This will ever chiefly depend on the kind,
the size, and the properties of the ships chosen for the service.
These primary considerations will not admit of any other that may interfere
with the necessary properties of the ships. Therefore, in choosing the
ships, should any of the most advantageous properties be wanting, and the
necessary room in them, be in any degree diminished, for less important
purposes, such a step would be laying a foundation for rendering the
undertaking abortive in the first instance.

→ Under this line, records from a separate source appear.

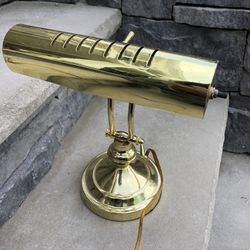 Brass Desk Lamp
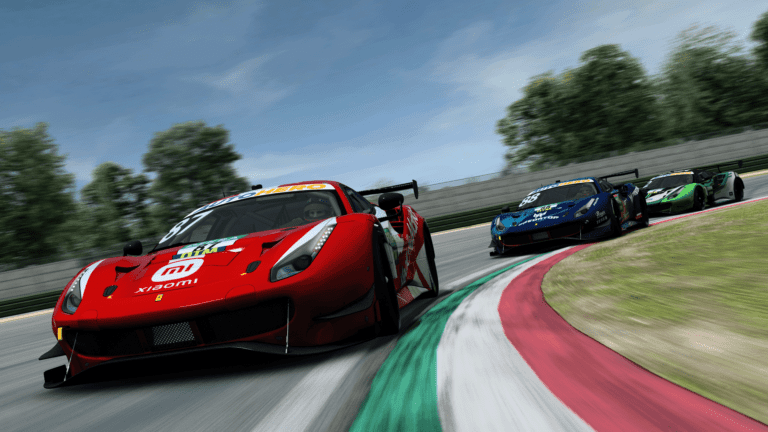WATCH: DTM Esports Esports Championship 2022 opening round on Traxion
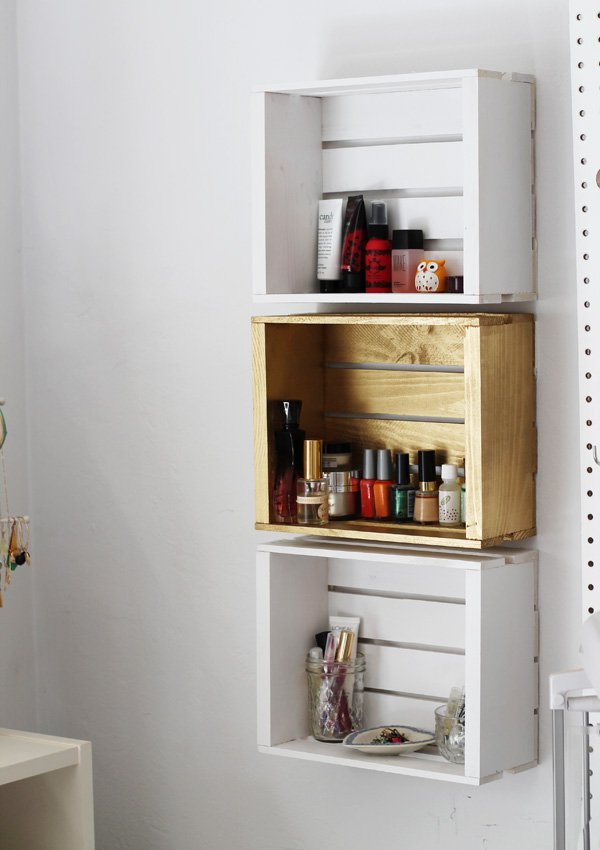 15 Super Awesome DIY Shelves Design Ideas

As the greatest danger to be apprehended and provided against, on a voyage
of discovery, especially to the most distant parts of the globe, is that of
the ship's being liable to be run a-ground on an unknown, desert, or
perhaps savage coast; so no consideration should be set in competition with
that of her being of a construction of the safest kind, in which the
officers may, with the least hazard, venture upon a strange coast. A ship
of this kind must not be of a great draught of water, yet of a sufficient
burden and capacity to carry a proper quantity of provisions and
necessaries for her complement of men, and for the time requisite to
perform the voyage.
She must also be of a construction that will bear to take the ground; and
of a size, which in case of necessity, may be safely and conveniently laid
on shore, to repair any accidental damage or defect. These properties are
not to be found in ships of war of forty guns, nor in frigates, nor in East
India Company's ships, nor in large three-decked West India ships, nor
indeed in any other but North-country-built ships, or such as are built for
the coal-trade, which are peculiarly adapted to this purpose.
In such a vessel an able sea-officer will be most venturesome, and better
enabled to fulfil his instructions, than he possibly can (or indeed than
would be prudent for him to attempt) in one of any other sort or size.
Upon the whole, I am firmly of opinion, that no ships are so proper for
discoveries in distant unknown parts, as those constructed as was the
Endeavour, in which I performed my former voyage. For no ships of any other
kind can contain stores and provisions sufficient (in proportion to the
necessary number of men,) considering the length of time it will be
necessary they should last. And, even if another kind of ships could stow a
sufficiency, yet on arriving at the parts for discovery, they would still,
from the nature of their construction and size, be less fit for the
purpose.
Hence, it may be concluded, so little progress had been hitherto made in
discoveries in the Southern Hemisphere.